━━━ Data ━━━

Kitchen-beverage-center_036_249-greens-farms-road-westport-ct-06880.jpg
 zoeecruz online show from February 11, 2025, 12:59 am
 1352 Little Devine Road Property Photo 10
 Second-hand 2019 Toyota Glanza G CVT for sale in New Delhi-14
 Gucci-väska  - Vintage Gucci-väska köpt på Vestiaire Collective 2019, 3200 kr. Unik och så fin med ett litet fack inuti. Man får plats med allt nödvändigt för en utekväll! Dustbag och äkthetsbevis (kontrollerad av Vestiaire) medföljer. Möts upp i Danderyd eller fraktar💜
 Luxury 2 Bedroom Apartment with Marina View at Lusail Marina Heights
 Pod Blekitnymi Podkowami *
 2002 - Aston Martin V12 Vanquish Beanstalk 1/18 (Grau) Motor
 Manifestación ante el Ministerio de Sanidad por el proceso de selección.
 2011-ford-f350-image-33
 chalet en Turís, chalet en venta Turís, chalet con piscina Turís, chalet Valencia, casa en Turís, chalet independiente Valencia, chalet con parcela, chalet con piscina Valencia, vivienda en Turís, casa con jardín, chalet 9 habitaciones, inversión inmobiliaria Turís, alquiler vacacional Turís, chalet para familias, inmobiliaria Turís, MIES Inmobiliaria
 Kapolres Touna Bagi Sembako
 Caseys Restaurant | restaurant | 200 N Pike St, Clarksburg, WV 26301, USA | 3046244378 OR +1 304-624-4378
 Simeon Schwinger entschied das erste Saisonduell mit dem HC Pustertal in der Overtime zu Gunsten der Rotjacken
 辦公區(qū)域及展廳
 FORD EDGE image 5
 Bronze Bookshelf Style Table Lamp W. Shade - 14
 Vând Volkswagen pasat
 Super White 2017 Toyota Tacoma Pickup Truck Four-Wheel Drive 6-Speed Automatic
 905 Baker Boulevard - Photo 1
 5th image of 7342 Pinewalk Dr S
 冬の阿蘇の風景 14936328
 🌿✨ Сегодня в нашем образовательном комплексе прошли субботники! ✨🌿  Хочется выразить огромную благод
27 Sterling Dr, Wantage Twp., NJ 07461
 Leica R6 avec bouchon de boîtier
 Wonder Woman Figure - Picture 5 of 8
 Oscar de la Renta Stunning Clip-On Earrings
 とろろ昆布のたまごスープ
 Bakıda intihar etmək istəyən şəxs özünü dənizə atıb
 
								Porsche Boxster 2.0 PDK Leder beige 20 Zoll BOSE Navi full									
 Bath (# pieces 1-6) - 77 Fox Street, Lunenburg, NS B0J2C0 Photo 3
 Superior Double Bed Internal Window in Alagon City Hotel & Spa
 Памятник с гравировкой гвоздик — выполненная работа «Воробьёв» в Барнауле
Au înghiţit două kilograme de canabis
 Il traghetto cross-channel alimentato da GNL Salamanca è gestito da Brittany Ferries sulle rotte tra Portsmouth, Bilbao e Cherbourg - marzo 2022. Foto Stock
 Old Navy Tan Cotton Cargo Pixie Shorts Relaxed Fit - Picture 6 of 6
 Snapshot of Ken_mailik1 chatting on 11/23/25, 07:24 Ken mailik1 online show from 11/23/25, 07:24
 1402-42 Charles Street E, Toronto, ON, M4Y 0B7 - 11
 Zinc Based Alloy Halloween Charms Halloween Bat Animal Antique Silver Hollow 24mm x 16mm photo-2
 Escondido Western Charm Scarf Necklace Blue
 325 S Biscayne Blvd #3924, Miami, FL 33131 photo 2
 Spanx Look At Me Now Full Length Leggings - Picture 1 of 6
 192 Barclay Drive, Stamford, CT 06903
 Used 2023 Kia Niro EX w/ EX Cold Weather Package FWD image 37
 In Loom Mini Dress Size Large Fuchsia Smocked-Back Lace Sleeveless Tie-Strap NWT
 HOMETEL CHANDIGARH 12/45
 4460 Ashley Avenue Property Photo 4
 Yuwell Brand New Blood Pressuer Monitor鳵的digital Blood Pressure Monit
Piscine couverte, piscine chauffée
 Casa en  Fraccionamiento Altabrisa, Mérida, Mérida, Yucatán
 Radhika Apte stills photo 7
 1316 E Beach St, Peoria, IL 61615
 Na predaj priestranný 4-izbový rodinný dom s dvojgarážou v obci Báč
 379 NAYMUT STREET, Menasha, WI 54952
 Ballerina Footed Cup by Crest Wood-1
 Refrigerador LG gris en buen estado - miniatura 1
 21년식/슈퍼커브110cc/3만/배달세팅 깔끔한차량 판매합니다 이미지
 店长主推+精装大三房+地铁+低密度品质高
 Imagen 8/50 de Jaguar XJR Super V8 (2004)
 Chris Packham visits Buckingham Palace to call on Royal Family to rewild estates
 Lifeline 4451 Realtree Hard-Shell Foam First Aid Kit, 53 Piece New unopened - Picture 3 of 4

━━━

**Task requirements:** Everything in the material above from the line that has "192 Barclay Drive, Stamford, CT 06903" through the line that has "Piscine couverte, piscine chauffée" must be duplicated exactly, with no other lines given.

**Answer for the task:**
 192 Barclay Drive, Stamford, CT 06903
 Used 2023 Kia Niro EX w/ EX Cold Weather Package FWD image 37
 In Loom Mini Dress Size Large Fuchsia Smocked-Back Lace Sleeveless Tie-Strap NWT
 HOMETEL CHANDIGARH 12/45
 4460 Ashley Avenue Property Photo 4
 Yuwell Brand New Blood Pressuer Monitor鳵的digital Blood Pressure Monit
Piscine couverte, piscine chauffée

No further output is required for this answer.